Sepanjang tahun 2016, Tim Koalisi Pakar Independen yang terdiri atas gabungan para ahli dari LIPI, Rujak Center for Urban Studies, KNTI, LBH Jakarta, Institut Pertanian Bogor, Universitas Indonesia menyusun laporan untuk menganalisa dan krisis ekologi dan kebencanaan Teluk Jakarta dari berbagai disiplin ilmu. Tim Koalisi Pakar Independen bekerja sama dengan Koalisi Selamatkan Teluk Jakarta mengadakan diskusi dan peluncuran Laporan “Selamatkan Teluk Jakarta”. Bertempat di Gedung Bundar Widya Graha LIPI, Lantai 6, Jln.Gatot Subroto 10, Jakarta. Seperti diketahui, reklamasi memiliki dampak yang sangat besar. Berdasarkan penelitian yang dilakukan, akan ada banyak dampak buruk bagi lingkungan di sekitar pembangunan pulau reklamasi.
Reklamasi bukan merupakan jawaban atas penanggulangan banjir di Jakarta seperti yang dikatakan pemerintah. Menurut Peneliti RUJAK Marco Kusumawijaya adalah kesalahan soal memahami kebutuhan ruang untuk menampung bertambahnya populasi. Karena fungsi ruang bukan hanya untuk menampung kebutuhan manusia. Kesalahan faktual menurut Marco adalah, pertumbuhan penduduk di jakarta sebenernya lebih menurun.

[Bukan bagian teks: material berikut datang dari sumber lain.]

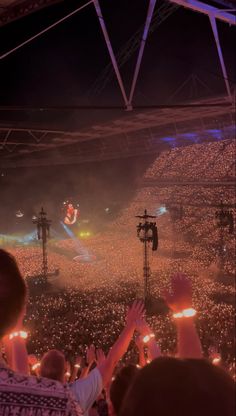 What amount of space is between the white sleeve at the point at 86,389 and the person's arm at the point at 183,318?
→ 0.39 meters

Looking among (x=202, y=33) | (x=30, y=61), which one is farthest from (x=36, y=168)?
(x=202, y=33)

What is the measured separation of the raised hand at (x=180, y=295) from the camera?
185 centimetres

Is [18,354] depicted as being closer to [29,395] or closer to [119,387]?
[119,387]

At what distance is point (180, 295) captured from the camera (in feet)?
6.15

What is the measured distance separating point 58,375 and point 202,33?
909 cm

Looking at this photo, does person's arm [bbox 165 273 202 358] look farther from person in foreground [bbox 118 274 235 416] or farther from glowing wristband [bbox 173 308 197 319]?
person in foreground [bbox 118 274 235 416]

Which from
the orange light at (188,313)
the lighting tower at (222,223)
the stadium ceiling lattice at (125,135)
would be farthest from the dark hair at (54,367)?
the lighting tower at (222,223)

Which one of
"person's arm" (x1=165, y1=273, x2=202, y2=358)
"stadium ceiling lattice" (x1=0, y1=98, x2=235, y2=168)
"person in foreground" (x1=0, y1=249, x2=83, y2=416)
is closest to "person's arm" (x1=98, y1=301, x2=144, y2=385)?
"person's arm" (x1=165, y1=273, x2=202, y2=358)

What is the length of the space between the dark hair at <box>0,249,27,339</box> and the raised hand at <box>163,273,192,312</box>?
88cm

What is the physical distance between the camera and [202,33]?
9617 millimetres

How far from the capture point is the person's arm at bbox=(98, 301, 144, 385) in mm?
1794

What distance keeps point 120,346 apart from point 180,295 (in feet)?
1.77

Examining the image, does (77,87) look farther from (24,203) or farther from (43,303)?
(24,203)

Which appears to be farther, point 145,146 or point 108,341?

Jumlah absolut juga menurun sebenarnya.
“Kesalahan yang bilang jika penduduk bertambah, kebutuhan ruang juga bertambah. Fungsi ruang bukan hanya untuk menampung manusia. Tapi juga untuk keperluan lain pertanian, ruang hijau, dan lainnya,” jelasnya.

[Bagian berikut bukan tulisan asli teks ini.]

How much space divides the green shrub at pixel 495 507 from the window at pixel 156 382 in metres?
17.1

Kesalahan berikutnya, menurut Marco adalah adanya anggapan bahwa ketika kehabisan tanah, diperbolehkan untuk mengambil alih laut.

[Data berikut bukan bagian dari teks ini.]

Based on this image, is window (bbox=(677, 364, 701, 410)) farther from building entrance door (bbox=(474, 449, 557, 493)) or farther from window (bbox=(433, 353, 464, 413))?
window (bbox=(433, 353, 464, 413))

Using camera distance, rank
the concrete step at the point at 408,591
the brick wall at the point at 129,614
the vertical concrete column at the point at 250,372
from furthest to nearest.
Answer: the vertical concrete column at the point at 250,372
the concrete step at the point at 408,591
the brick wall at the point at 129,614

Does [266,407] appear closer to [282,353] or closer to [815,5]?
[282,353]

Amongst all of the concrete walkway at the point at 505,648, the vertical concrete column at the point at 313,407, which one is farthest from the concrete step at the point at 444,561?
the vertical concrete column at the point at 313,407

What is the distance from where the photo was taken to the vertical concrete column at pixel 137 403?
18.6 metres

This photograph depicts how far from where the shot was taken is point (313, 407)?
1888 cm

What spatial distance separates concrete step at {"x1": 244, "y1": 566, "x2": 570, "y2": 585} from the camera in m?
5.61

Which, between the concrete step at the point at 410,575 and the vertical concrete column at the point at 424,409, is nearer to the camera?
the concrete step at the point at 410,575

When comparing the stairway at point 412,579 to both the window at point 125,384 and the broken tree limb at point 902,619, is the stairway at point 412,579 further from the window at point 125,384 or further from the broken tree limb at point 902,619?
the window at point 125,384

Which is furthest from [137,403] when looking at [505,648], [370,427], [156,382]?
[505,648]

“Dampak dari bertambahnya daratan juga berkurangnya laut. Dimana ini berdampak kepada banyak hal, misal spesies ikan, ekosistem dan lainnya,” paparnya.
Sementara itu, Kuasa Hukum Koalisi Selamatkan Teluk Jakarta (KSTJ), Tigor Hutapea menekankan pentingnya keberadaan KLHS (kajian lingkungan hidup strategis) sebagai kajian akademik secara teknis, ekonomi sosial, lingkungan dan pelibatan masyarakat di teluk Jakarta yang kemudian dijadikan dasar penyusunan RZWP3K. RZWP3K sangat penting untuk memberikan perlindungan dan menghindari konflik pengelolaan wilayah kelautan dan pesisir. Selain itu juga, belum ada KLHS yang menjadi pedoman untuk membuat Amdal.
“Kita gak ada KLHS dan rencana Zonasi. Tapi izin langsung lokasi dan amdal. Amdal yang bahkan kurang jelas dan parsial. Ini tidak jelas buat apa, pasir ambil dari mana, limbah dibuang kemana. Ini akan berdampak terhadap lingkungan sekali memang,” jelas Tigor yang juga merupakan deputi hukum KIARA.
Reklamasi, lanjut Tigor juga berdampak terhadap ruang hidup nelayan. Saat ini, di Teluk Jakarta terdapat sekitar lebih dari 10.000 orang.
Alan Koropitan, Akademis dari IPB mengatakan reklamasi 17 pulau akan menghambat pencucian (flusing) air laut di pesisir akibatnya meningkatkan sedimentasi logam berat dan limbah lainnya. Akibatnya, tingkat pencemaran di wilayah Teluk Jakarta semakin tinggi. Tutupan pulau juga menimbulkan banjir air limpasan 13 sungai. Yang harus dilakukan adalah melakukan revitalisasi atau restorasi Teluk Jakarta, memulihkan keadaan lingkungan teluk yang akan menciptakan ekonomi baru.
Acara diskusi dihadiri sekitar 100 orang peserta. Dalam acara diskusi tersebut, diisi juga paparan dari Peneliti LIPI Prof. Henny Warsilah, Peneliti IPB Dr. Alan Koropitan dan Prof. Dr. Wahyoe Hartono. Sementara moderator acara oleh Peneliti Rujak, Elisa Sutanudjaja.